8 Assembly proceedings can not be impeached or questioned

(1)The freedom of speech and debates or proceedings in the Assembly can not be impeached or questioned in any court or place out of the Assembly.

(2)To remove doubt, it is declared that subsection (1) is intended to have the same effect as article 9 of the Bill of Rights (1688) had in relation to the Assembly immediately before the commencement of the subsection.

9 Meaning of proceedings in the Assembly

(1)Proceedings in the Assembly include all words spoken and acts done in the course of, or for the purposes of or incidental to, transacting business of the Assembly or a committee.

(2)Without limiting subsection (1), proceedings in the Assembly include—

(a)giving evidence before the Assembly, a committee or an inquiry; and

(b)evidence given before the Assembly, a committee or an inquiry; and

(c)presenting or submitting a document to the Assembly, a committee or an inquiry; and

(d)a document tabled in, or presented or submitted to, the Assembly, a committee or an inquiry; and

(e)preparing a document for the purposes of, or incidental to, transacting business mentioned in paragraph (a) or (c); and

(f)preparing, making or publishing a document (including a report) under the authority of the Assembly or a committee; and

(g)a document (including a report) prepared, made or published under the authority of the Assembly or a committee.

(3)Despite subsection (2)(d), section 8 does not apply to a document mentioned in subsection (2)(d)—

(a)in relation to a purpose for which it was brought into existence other than for the purpose of being tabled in or presented or submitted to, the Assembly or a committee or an inquiry; and

(b)if the document has been authorised by the Assembly or the committee to be published.

(4)If the way in which a document is dealt with has the effect that—

(a)under an Act; or

(b)under the rules, orders, directions or practices of the Assembly;

the document is treated, or accepted, as having been tabled in the Assembly for any purpose, then, for the purposes of this Act, the document is taken to be tabled in the Assembly.

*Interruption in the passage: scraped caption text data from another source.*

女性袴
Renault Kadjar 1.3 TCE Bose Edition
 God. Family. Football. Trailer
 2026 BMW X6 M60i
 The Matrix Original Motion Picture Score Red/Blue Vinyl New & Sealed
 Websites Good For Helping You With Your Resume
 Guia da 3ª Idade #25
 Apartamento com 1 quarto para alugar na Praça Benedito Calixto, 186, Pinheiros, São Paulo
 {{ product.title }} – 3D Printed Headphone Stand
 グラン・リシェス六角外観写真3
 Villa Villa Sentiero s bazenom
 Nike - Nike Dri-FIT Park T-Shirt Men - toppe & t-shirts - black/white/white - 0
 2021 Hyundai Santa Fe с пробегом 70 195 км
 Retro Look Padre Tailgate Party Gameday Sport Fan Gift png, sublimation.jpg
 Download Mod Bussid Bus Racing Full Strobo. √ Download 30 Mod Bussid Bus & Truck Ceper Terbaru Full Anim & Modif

(5)For this section, it does not matter what the nature of the business transacted by a committee is or whether the business is transacted under this Act or otherwise.

  1. Section 8 precludes a court from questioning proceedings in the Legislative Assembly. Section 9 makes it clear that, for the purposes of s 8, presenting or submitting a document to the Legislative Assembly, and preparing a document for the purpose of presenting it to the Legislative Assembly, are both proceedings in the Assembly. The same section also extends the effect of s 8 to “all … acts done in the course of, or for the purposes of or incidental to, transacting business of the Assembly”.
  1. The plaintiffs’ claim for relief under the Trade Practices Act depends upon establishing that, in deciding to introduce the Bill which resulted in the 2010 Amendment, the Minister was influenced by the support of QHRL.  In my view, that amounts to questioning the preparation and presentation of a document to the Legislative Assembly, involving, as it does, an investigation of the motives of the Minister for doing so.  In my view, s 8 prohibits the court from undertaking such an investigation.[4] 
  1. In R v Toohey; ex parte Northern Land Council[5], Mason J said that it was “incontestable that the courts will not examine the motives which inspire members of Parliament to enact Laws”.   While his Honour did not identify the basis for that statement, it seems to me to represent (at least in part) the effect of ss 8 and 9 of the Parliament of Queensland Act.  If the view I have taken of the effect of these sections is too wide, nevertheless I consider that the pursuit of the claim under the Trade Practices Act is precluded by constitutional principle, consistent with the statement of Mason J.[6]
  1. Since this is sufficient to determine question 5, it is unnecessary to give further consideration to the application of the wider constitutional principle referred to, or the other authorities relied upon by the defendants and the Speaker.
  1. It follows that the allegations in the statement of claim which relate only to the claims for relief under the Trade Practices Act should be struck out.  I shall hear further submissions as to the orders which should be made as a consequence of these reasons.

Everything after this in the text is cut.